Pas de quoi freiner les nombreux acheteurs qui ont répondu présents ce mercredi. Environ 200 personnes ont assisté à cette vente, dans une salle pleine à craquer, en plus des 1.000 personnes inscrites sur Internet. « Qu’importe la provenance, l’essentiel, c’est d’acheter ! », sourit Sylvie. La Toulonnaise a jeté son dévolu sur une grosse bague colorée, dont le prix s’envole en quelques minutes à 500 euros. Trop chère pour Sylvie, qui, finalement, repartira avec un collier en or serti de perles de culture à 200 euros… qui ne lui plaît pas. « Ce n’est pas pour porter, justifie-t-elle. C’est un placement pour mes enfants. » « Je suis venu car j’ai un magasin de motos, et disons que j’ai parmi mes clients quelques-uns de ces gens à qui on a saisi ces biens… », glisse Georges, son catalogue sur les genoux.

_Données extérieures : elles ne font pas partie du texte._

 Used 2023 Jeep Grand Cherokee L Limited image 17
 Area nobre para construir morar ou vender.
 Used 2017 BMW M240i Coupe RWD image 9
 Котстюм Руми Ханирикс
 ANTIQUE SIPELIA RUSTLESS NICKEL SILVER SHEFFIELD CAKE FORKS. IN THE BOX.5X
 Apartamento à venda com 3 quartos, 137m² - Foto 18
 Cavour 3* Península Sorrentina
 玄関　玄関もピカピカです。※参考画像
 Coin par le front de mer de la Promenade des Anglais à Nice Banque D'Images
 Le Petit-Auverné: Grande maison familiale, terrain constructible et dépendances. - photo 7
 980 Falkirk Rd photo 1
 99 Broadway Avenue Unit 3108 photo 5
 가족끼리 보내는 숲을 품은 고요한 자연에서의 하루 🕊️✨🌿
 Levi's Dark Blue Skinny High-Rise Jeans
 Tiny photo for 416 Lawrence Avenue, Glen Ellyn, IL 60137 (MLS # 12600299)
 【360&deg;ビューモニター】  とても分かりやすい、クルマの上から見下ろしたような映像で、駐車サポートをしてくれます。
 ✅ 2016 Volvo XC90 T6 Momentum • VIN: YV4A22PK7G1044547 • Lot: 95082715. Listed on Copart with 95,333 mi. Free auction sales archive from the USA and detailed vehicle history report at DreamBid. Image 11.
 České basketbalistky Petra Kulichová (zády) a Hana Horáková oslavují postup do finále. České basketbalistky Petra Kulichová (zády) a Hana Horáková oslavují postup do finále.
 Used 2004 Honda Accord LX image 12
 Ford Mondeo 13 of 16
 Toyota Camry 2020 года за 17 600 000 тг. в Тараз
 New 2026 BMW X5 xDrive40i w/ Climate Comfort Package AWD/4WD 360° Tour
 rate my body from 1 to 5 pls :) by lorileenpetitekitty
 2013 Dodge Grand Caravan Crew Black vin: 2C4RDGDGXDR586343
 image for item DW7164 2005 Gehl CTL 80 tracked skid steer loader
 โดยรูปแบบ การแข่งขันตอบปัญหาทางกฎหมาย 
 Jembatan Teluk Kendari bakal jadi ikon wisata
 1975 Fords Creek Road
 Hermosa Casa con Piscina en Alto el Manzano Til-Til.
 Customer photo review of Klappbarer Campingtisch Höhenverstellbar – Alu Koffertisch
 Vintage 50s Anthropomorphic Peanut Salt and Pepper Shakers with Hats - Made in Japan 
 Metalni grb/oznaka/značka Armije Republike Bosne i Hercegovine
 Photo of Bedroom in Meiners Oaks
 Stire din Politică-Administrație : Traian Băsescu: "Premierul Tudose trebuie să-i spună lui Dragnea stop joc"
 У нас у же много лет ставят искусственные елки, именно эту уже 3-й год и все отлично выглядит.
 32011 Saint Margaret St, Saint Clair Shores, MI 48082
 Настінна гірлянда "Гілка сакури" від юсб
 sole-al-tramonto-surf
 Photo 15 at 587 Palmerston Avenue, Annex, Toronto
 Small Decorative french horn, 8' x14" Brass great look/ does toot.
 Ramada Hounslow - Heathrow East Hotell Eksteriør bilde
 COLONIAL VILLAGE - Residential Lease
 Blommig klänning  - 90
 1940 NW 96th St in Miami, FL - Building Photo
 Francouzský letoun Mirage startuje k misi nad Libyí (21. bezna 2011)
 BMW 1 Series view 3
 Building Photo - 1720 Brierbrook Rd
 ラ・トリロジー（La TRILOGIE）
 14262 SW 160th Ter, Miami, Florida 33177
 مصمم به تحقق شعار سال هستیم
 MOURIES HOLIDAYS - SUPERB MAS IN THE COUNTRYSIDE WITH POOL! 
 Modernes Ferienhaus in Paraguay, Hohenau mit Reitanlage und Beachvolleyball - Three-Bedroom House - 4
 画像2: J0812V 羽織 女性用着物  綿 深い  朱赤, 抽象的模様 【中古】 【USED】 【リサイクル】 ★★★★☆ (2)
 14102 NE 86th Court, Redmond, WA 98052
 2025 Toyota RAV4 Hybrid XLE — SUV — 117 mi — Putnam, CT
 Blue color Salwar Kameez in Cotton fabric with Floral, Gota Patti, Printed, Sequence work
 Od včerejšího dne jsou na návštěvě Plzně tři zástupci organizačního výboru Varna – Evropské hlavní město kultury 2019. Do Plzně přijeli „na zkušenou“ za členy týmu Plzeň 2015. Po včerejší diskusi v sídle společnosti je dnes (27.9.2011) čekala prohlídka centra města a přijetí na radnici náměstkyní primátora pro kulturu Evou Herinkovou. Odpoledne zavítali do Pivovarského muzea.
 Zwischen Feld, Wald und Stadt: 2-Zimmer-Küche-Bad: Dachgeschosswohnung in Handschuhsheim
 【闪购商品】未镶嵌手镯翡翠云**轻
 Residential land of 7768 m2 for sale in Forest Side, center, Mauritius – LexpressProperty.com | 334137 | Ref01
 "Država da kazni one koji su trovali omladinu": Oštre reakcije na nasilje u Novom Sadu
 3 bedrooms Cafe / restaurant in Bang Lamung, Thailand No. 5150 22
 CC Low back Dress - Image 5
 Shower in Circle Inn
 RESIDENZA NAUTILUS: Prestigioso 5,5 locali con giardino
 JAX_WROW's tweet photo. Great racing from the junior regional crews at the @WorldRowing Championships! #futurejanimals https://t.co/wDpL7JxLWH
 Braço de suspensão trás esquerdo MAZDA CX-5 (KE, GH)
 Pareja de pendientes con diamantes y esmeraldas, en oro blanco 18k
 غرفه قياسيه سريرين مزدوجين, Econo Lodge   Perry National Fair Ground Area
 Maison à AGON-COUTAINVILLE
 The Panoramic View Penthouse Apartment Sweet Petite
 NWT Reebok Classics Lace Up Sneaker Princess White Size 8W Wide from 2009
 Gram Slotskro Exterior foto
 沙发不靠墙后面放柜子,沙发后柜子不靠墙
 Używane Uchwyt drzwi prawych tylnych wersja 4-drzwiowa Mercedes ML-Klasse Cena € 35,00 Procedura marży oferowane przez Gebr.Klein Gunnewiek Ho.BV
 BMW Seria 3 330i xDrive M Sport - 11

Sa montre à 54.000 euros en poche, et après de longues minutes avec son banquier qui visiblement, n’a pas fait de grandes difficultés, Alexandre respire. « J’ai entendu parler de cette vente aux enchères dans la presse, explique le trentenaire. Quand j’ai vu cette montre, j’ai appelé un ami qui, je sais, est amateur. Il habite à l’étranger et il m’a dit qu’il la voulait. Il m’a demandé donc de l’acheter, pour 56.000 euros maximum, et je prends une commission dessus. Je suis passionné, et j’en achète, pour les revendre. Mais pas tout de suite, on essaie de gagner un peu d’argent dessus… »

« Celle-là, elle va monter très vite »

Derrière lui, Jean-François n’a pas cette chance. Collectionneur de montres, le Marseillais, qui vit sa première vente aux enchères, a repéré « deux bonnes affaires » qu’il compte bien rafler. « Celle-là, elle va monter très vite, vous allez voir, prophétise le fin connaisseur, à propos d’une Rolex des années 1970, totalement neuve. L’estimation est basse. » La prédiction se réalise, et la montre, estimée entre 1.000 et 1.500 euros, est finalement adjugée à 3.600 euros. « Les enchères montent trop vite, souffle Jean-François, qui repartira bredouille. Je ne sais pas si au final, on fait de bonnes affaires… »

L’État, de son côté, en a pour son argent. « Si les biens vendus sont issus d’une affaire de trafic de stupéfiants, l’argent va alimenter un fonds qui finance un matériel particulièrement technique pour les écoutes pour les forces de l’ordre, explique Nicolas Bessone. Les sommes vont aussi servir à des actions de prévention contre la toxicomanie. Si ce sont des fraudeurs fiscaux, l’argent abonde dans les caisses de l’État. Si c’est une affaire de proxénétisme et de traitement d’êtres humains, ce sera destiné à un fond du ministère des affaires sociales qui œuvre pour la réinsertion de prostituées. Enfin, cela sert aussi à l’indemnisation des victimes. » Pas moins de 814.784 euros ont été récoltés grâce à cette vente.